The performance of value stocks vs. growth stocks (i.e., stocks trading at high relative prices), and small vs. large cap stocks, also varied between decades. Small cap and value stocks outperformed large cap and growth stocks in the 2000s, while the 2010s produced mixed outcomes. Small caps underperformed large caps in the US and emerging markets but outperformed in the developed ex US market. Value underperformed growth in all three market regions. Despite underperforming large cap and growth in the US, small cap and value delivered 11.83% and 11.71%, respectively, for the decade. 3
Exhibit 4 shows the cumulative investment experience over both decades, with small cap and value stocks outperforming large cap and growth stocks, respectively, across the US, developed ex US, and emerging markets. The annualized 20-year returns illustrate how diversification can help investors ride out the extremes to pursue a positive longer-term outcome. 4
Over the past decade, global fixed income also posted returns that may have surprised some investors. In 2010, investors looking at historically low interest rates may have expected rising rates as financial markets and economies recovered from the crisis. But over the decade, short-term rates increased while long-term rates decreased. Realized term premiums were positive, as long-term bonds generally outperformed shorter-term bonds. Realized credit premiums were also positive, as lower-quality bonds generally outperformed higher‑quality bonds. 5
Enduring Principles
This brings us to January 2020. By many metrics, last year was very good for investors. But it didn’t start out that way, after the S&P closed out 2018 with an 8% decline. The prevailing wisdom was that the long bull market was over; it was time to batten down the hatches and slash exposure to equities. But then a funny thing happened. Dire predictions of decline didn’t materialize. In 2019, global equities shot up more than 25%, and fixed income grew by more than 8%. Yes, some sectors of the markets experienced volatility and decline, but that is to be expected. Markets do not operate in lockstep. That’s why investors are wise to remain diversified.

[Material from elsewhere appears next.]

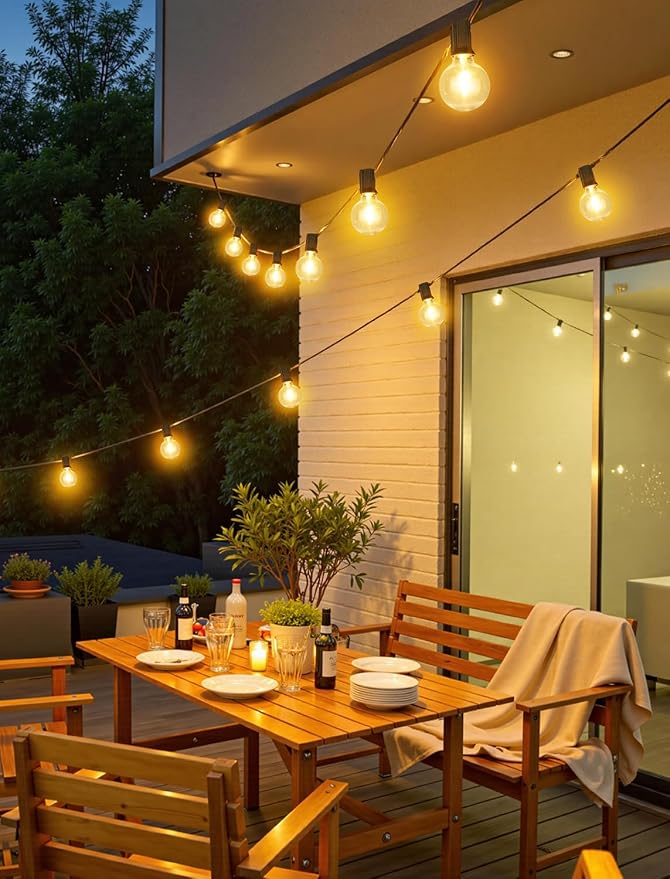 100FT Solar String Lights Outdoor - Image 8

Still, far too many people feel they should do something—like making a new year’s resolution. Change things up! So they make what they believe to be informed guesses and jump in or out of the market. It’s called market timing. I like David Booth’s thoughts on this (The Market Has No Memory, 3-Jan 2020). “Missing out on big growth has as much impact on a portfolio as losing that amount. How long does it take to make that kind of loss back? And how is someone who got out supposed to know when to get back in?” he asks.
The very idea that we know when to get in or out presumes that we have some special knowledge of the future. But that’s not knowledge. At best, it’s a hunch, aided by fear or hope. “Don’t try to figure out when to get in and when to get out—you’d have to be right twice,” Booth rightly concludes. And given how often the pundits and well-compensated analysts are wrong, how likely are you to be right twice?
Booth offers common sense about what we can learn from the previous decade and the many decades that came before it. The market has no memory. The future is unpredictable. Uncertainty is the norm, not the exception. And because these things are true, the fundamentals of successful investing endure while being constantly tested.
His advice (and mine): “Diversify across markets and asset groups to manage risks and pursue higher expected returns. Stay disciplined and maintain a long-term perspective. Take the daily news with a grain of salt and avoid reactive investment decisions based on fear or anxiety. Don’t try to predict future performance or time the markets. Instead, develop a sensible investment plan based on a strong philosophy—and stick with it. Investors who follow these principles can have a better financial journey in any decade.” 6
Do you have questions or concerns? Call me, I am here to help.
Regards,
John Gorlow
President
Cardiff Park Advisors
888.332.2238 Toll Free
760.635.7526 Direct
760.271.6311 Cell
760.284.5550 Fax
jgorlow@cardiffpark.com
1. STDEV (standard deviation) is a measure of the variation or dispersion of a set of data points. Standard deviations are often used to quantify the historical return volatility of a security or portfolio.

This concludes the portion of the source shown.